Ma position personnelle est cohérente avec les processus que je tente de mettre en place: mes pièces sont faites pour les regardeurs, pas pour les lieux. Elles n’ont pas à se plier à cette demande de plus en plus pressante du spectaculaire, de l’instantané, du quantitatif, de l’enveloppement par l’œuvre du spectateur qui empêche toute distance critique. Elles ne sont pas destinées à prouver en permanence qu’elles remplissent des lieux disproportionnés par rapport aux espaces où les gens vivent quotidiennement. Elles sont simplement à vivre et je tiens à leur garder cette disponibilité d’appropriation, qu’elle soit symbolique ou réelle, par tous.

Je suis tout de même surpris personnellement d’avoir plus de deux cent pièces dans des collections privées et publiques allemandes, suisses, belges, américaines et seulement une quarantaine en France. Le reproche que l’on fait aux artistes français est de ne pas être suffisamment internationaux, mais la réalité est souvent bien différente… On a l’impression que pour certains d’entre eux, traçant un parcours artistique dans la durée, ce parcours devient «invu» en France. Peut-être qu’on pourra bientôt citer pour de nombreux artistes français sous forme de boutade à propos de l’institution la reconnaissance tardive d’Aurélie Nemours : «Merci de m’avoir passé ma première commande publique… posthume».

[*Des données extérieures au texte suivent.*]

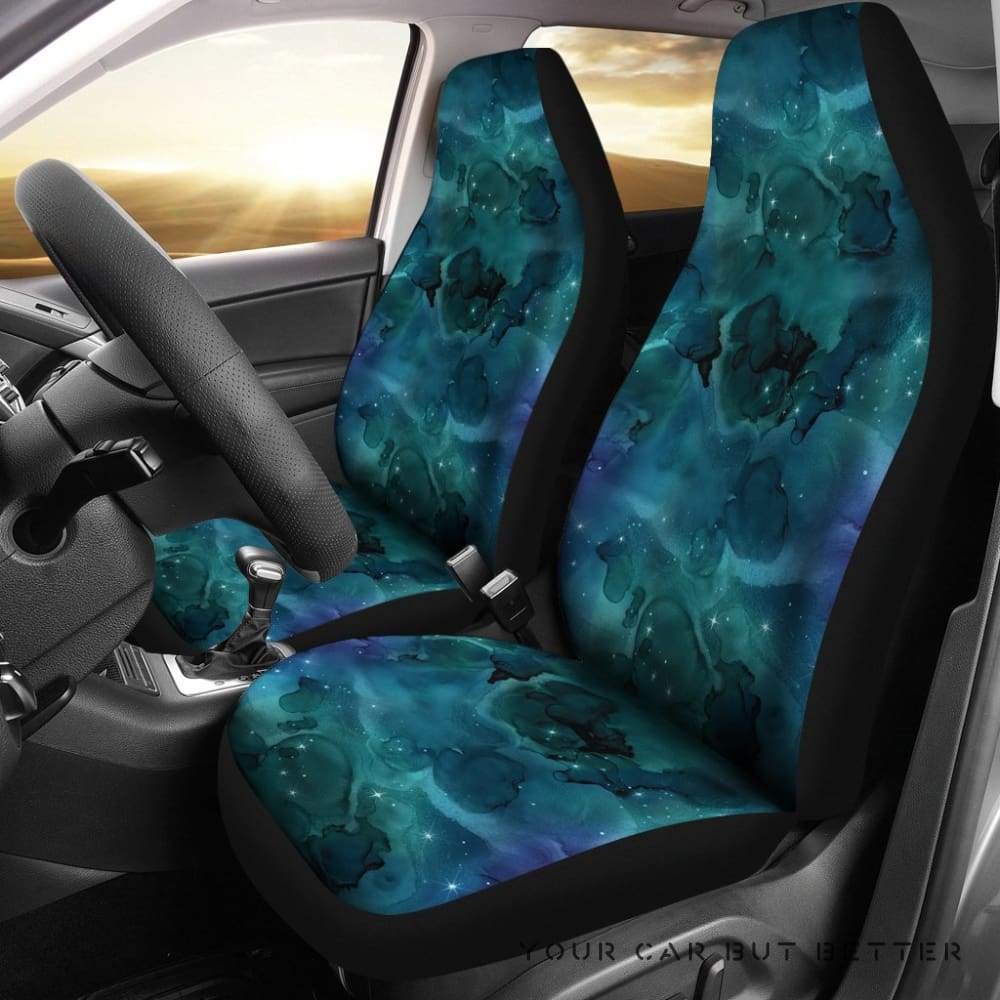 Teal Blue Sky Galaxy Nebula Pattern Car Seat Covers 232205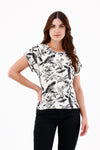 Blusa Manga Rodada Hojas Ramas Crudo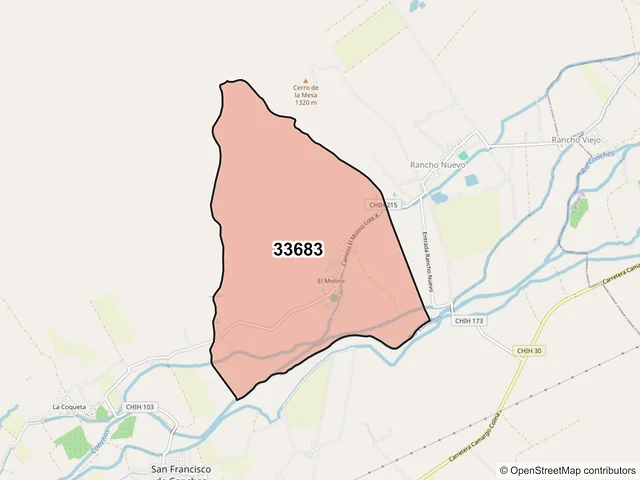Mapa del código postal 33683, San Francisco de Conchos, Chihuahua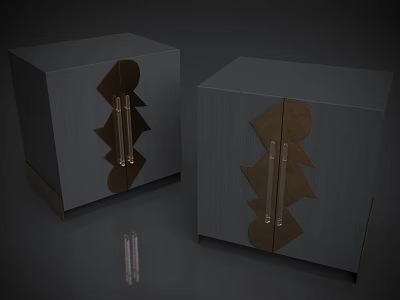 Two Modern Gray Bedside Tables With Brown Geometric Door Patterns And Metal Handles 3d model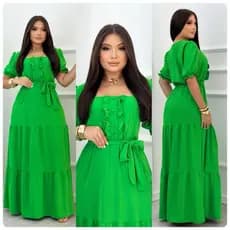 VESTIDO LONGO COM DETALHES DE BOTÃO GOLA QUADRADA MANGA 3/4 COM ELÁSTICO E FAIXA - MODA EVANGÉLICA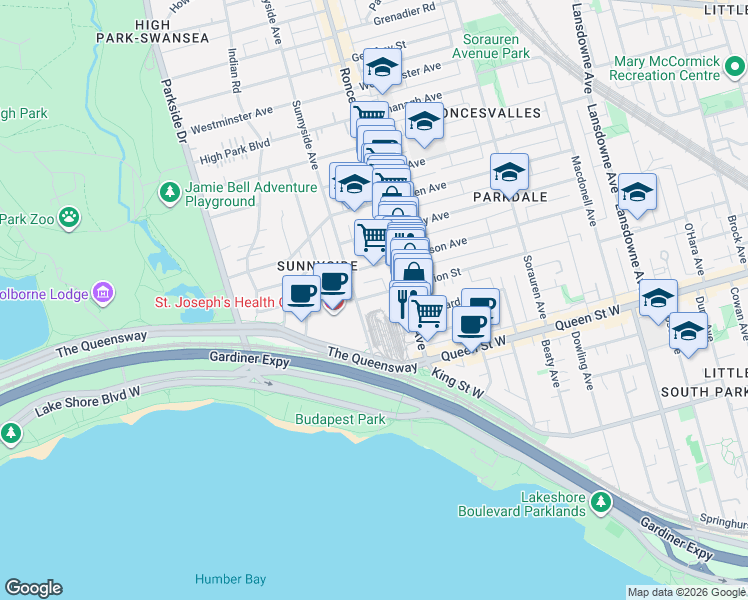 map of restaurants, bars, coffee shops, grocery stores, and more near 177 Marion Street in Toronto
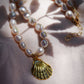 Sale - Statement White Pearl Necklace with Gold Shell Pendant - Kawai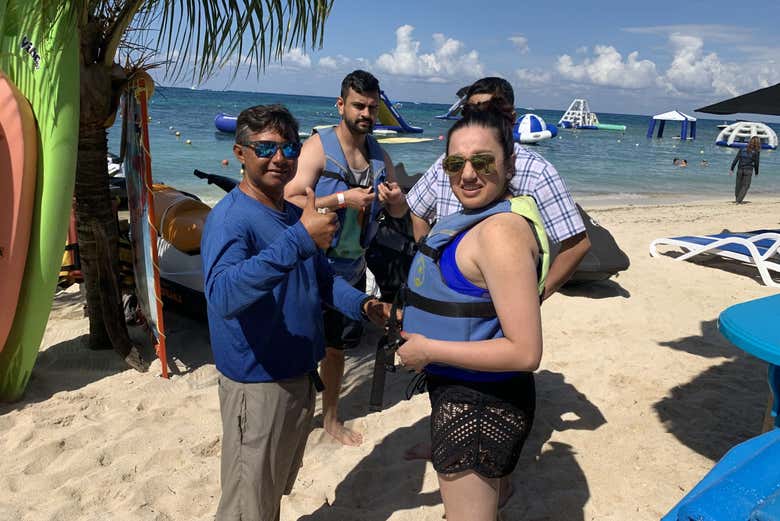 Receiving directions on the beach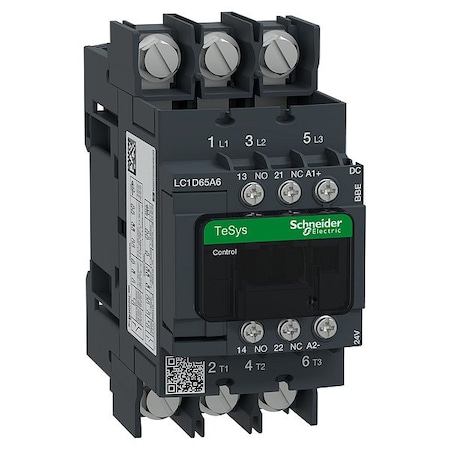Schneider Electric CONT 3P 65A AC3 NO+NC 24V DC LUGS LC1D65A6BBE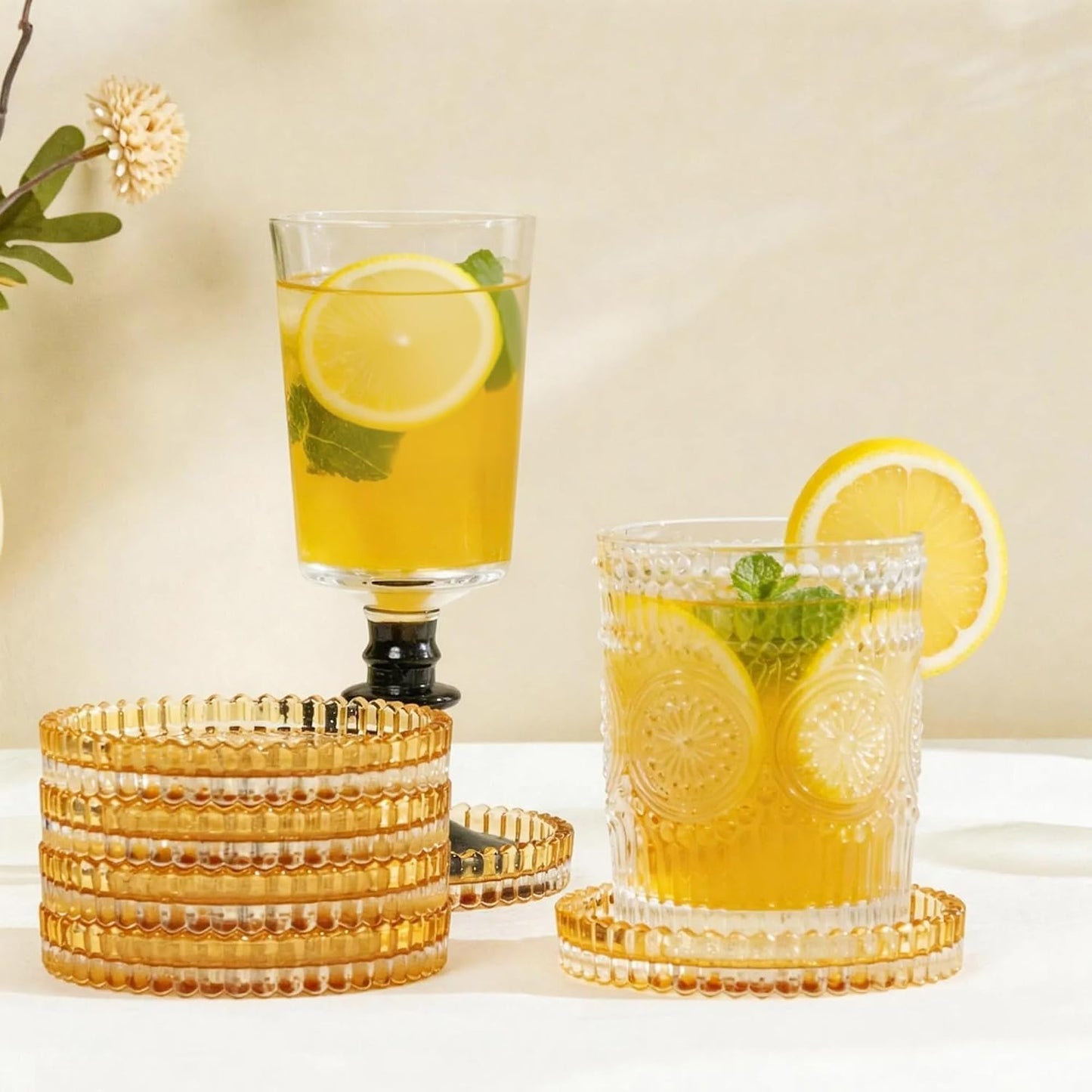 Holder Crystal Coaster Round Cup Coasters Coffee Table / Amber / Clear / Set of 6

Le risque permanent est qu’un certain nombre d’artistes n’obtienne jamais la tranquillité financière qui leur permette de développer leur parcours artistique. On ne peut que être frappé par la persistance de situations de précarité financière ou d’accumulations d’activités alimentaires chez certains artistes dont on penserait à priori qu’ils ne se consacrent qu’à leur pratique artistique.

On vous connaît engagé: au quotidien, quelle est votre action concrète en réponse à ces obstacles et incohérences?
Je crois qu’il est urgent de remettre les artistes au centre et de préserver leur autonomie. Nous avons la chance en France d’avoir un secteur associatif extrêmement fort et diversifié et porté par des initiatives d’artistes. C’est le premier secteur de diffusion artistique, mais aussi les lieux où naissent les jeunes carrières artistiques ainsi que les formes de diffusion novatrices. Mais sa fragilité financière, et l’ignorance volontaire des institutions de ce secteur, empêche actuellement son développement. Pourtant dans de nombreuses grandes villes, si ces associations d’artistes disparaissent, c’est en fait la présence de l’art contemporain qui disparaît. Je participe à l’effort épuisant de donner une visibilité à ce maillage en tant que président de la Fraap (Fédération des Réseaux et Associations des Artistes Plasticiens): je crois profondément que la reconnaissance des pairs est et reste la première étape de tout parcours artistique, il suffit de regarder les biographies de nombreux artistes connus, et que c’est au sein de ses structures associatives que l’approche de l’art contemporain se fait dans la plus grande proximité et dans la plus grande liberté.